Потрясенная Франция видит своего короля во главе этой фантастической процессии… и не понимает.

Но благодаря этой затее страна по крайней мере избавилась от кардинала Лотарингского: этот достойный священнослужитель, в пятьдесят лет сохранивший такую же шелковистую кожу, как у его племянницы Марии Стюарт, стал подражать молодым людям, простудился и уже не оправился.

Смерть этого прелата, возглавлявшего партию Гизов, сильно облегчила отношения королевского дома с партией католиков. Екатерина Медичи, которая в течение последних пятнадцати лет боялась этого человека больше всех остальных, никак не могла поверить, что она от него освободилась. И по ночам заклятый враг являлся ей в кошмарных снах, увлекая королеву-мать за собой в царство теней…

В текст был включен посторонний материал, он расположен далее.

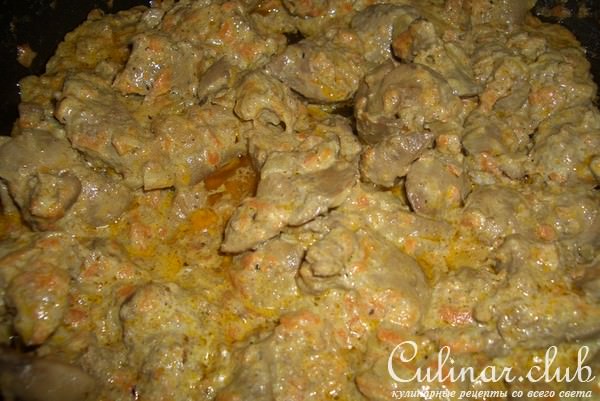 Ароматная печенка с грибами.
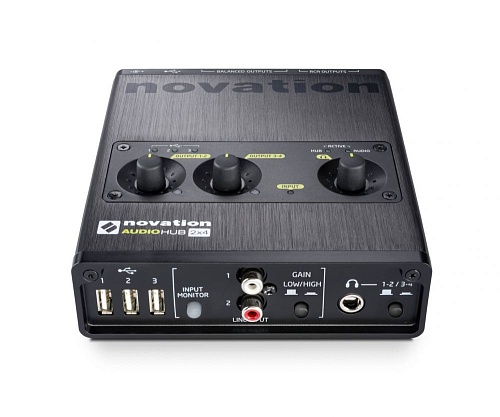 Novation Audiohub 2x4  -  USB 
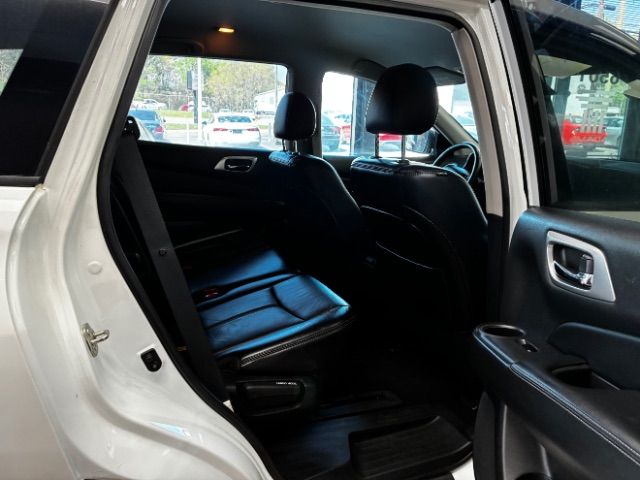 2020 Nissan Pathfinder SL
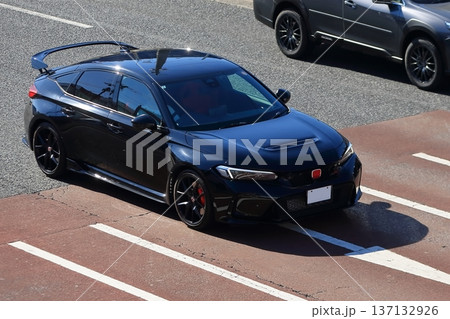 黒い国産スポーツカー 黒い国産スポーツカー 137132926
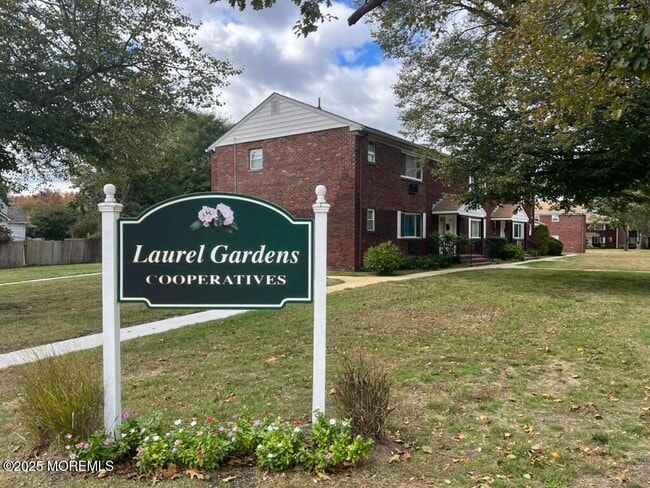 Building Photo - 10 Laurel Pl Unit A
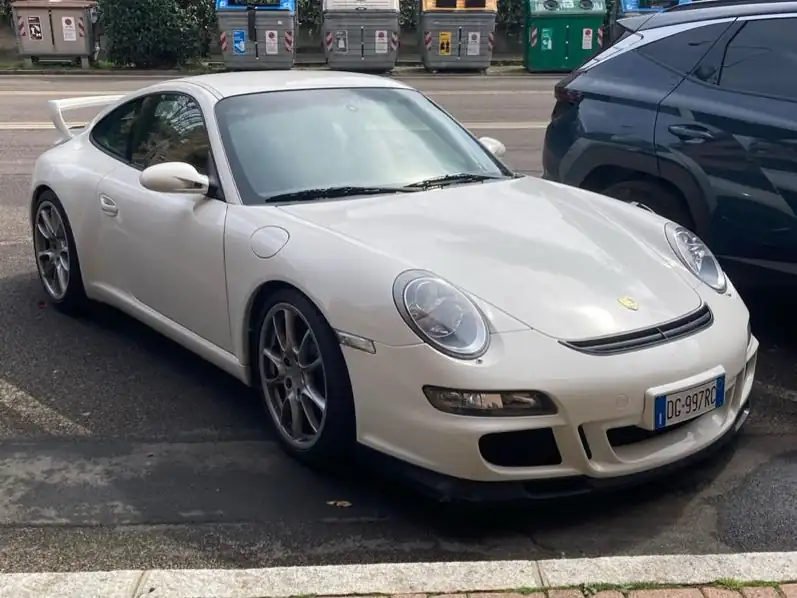Porsche 911 GT3 (2007) spotted in Bologna, Italy
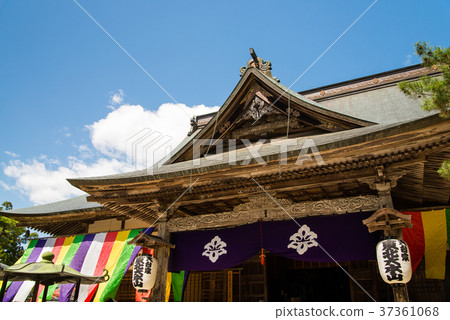 Hiraizumi Chusonji Main Hall Hiraizumi Chusonji Main Hall 37361068
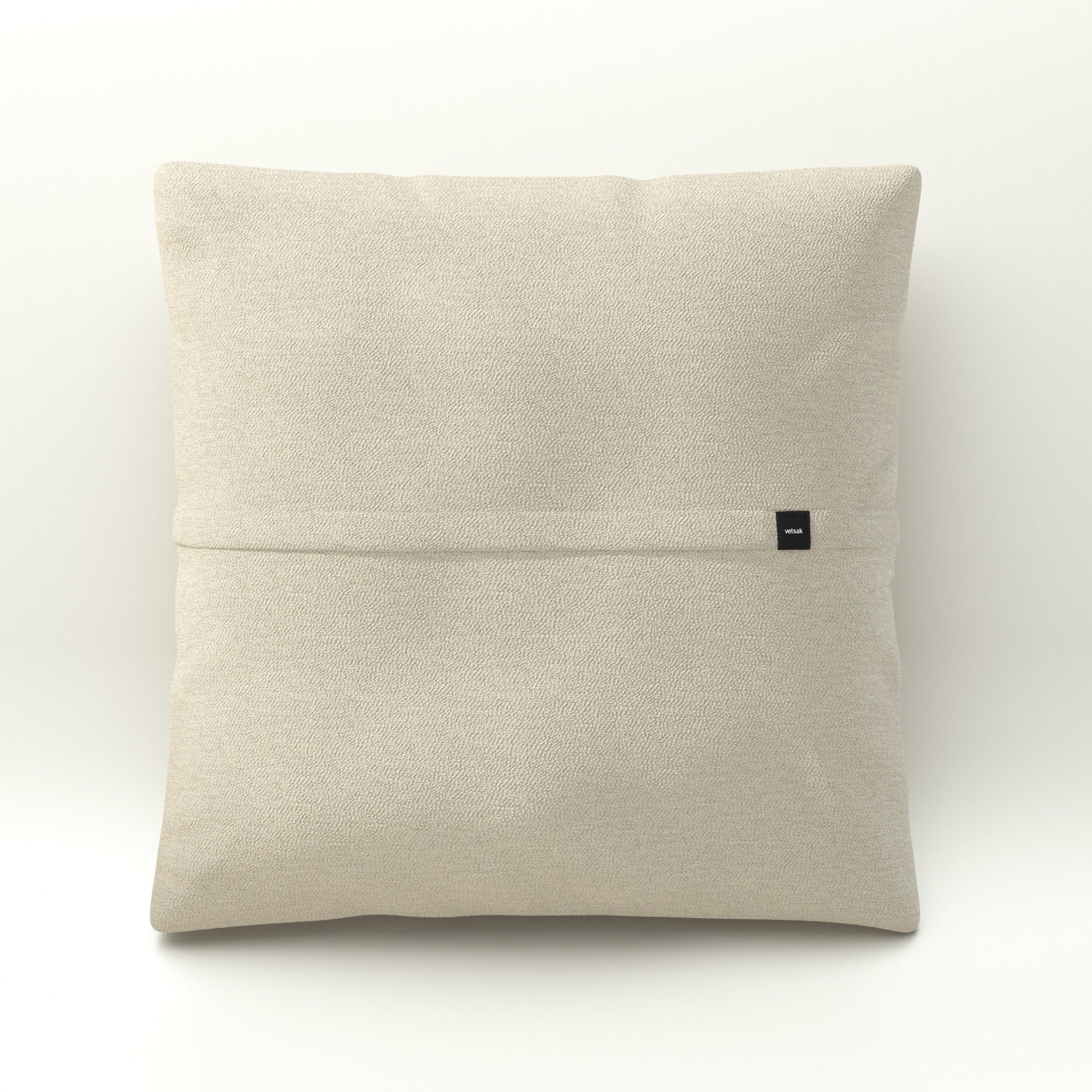 Jumbo Kissen von vetsak im Stoff Loop Loop Duna – weiches Bouclé-Kissen in sandigem Beige für naturverbundene Räume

Но религиозные процессии не принесли ни удачи лагерю сторонников короля, ни успокоения сердцу монарха. Перед ним замаячила новая угроза – угроза женитьбы, и мысль эта жестоко терзала его. Откладывать женитьбу больше было нельзя. Общественное мнение, и так не слишком благосклонное к Генриху, не могло смириться с его безбрачием, из-за которого герцог Алансонский продолжал оставаться наследником короны, что в будущем могло таить немало угроз. Значит, следовало принести себя в жертву и заменить Марию другой – спустя всего два месяца после ее смерти.

Генрих не мог с этим смириться. Перспектива разделить жизнь с надменной, требовательной принцессой, возможно, ревнивой, наполняла его ужасом. В какой-то момент он хотел решить эту проблему, женившись на сестре короля Наваррского, Екатерине де Бурбон, женщине сухой и суровой; острый ум был ее единственным привлекательным качеством. Королева-мать смертельно ненавидела детей Жанны д’Альбре, потому что предсказания говорили, что они сменят на троне династию Валуа. В крайнем случае, она предпочла бы свою собственную внучку, инфанту Исабелу, дочь Филиппа II и несчастной королевы Елизаветы, умершей в 1568 году, в возрасте 22 лет. Но король не желал даже разговаривать о невесте, которой исполнилось семь лет.

Тогда-то и возник в памяти Генриха образ мягкой и робкой девушки, на которую он произвел такое большое впечатление в Нанси.

Он сразу понял, что это – идеальная невеста. Бедная, не очень красивая, преследуемая мачехой, Луиза де Водемон Лотарингская была именно то, что нужно. Нежная, покорная, набожная и добродетельная, она сумеет окружить своего мужа теплом и не станет покушаться на его свободу.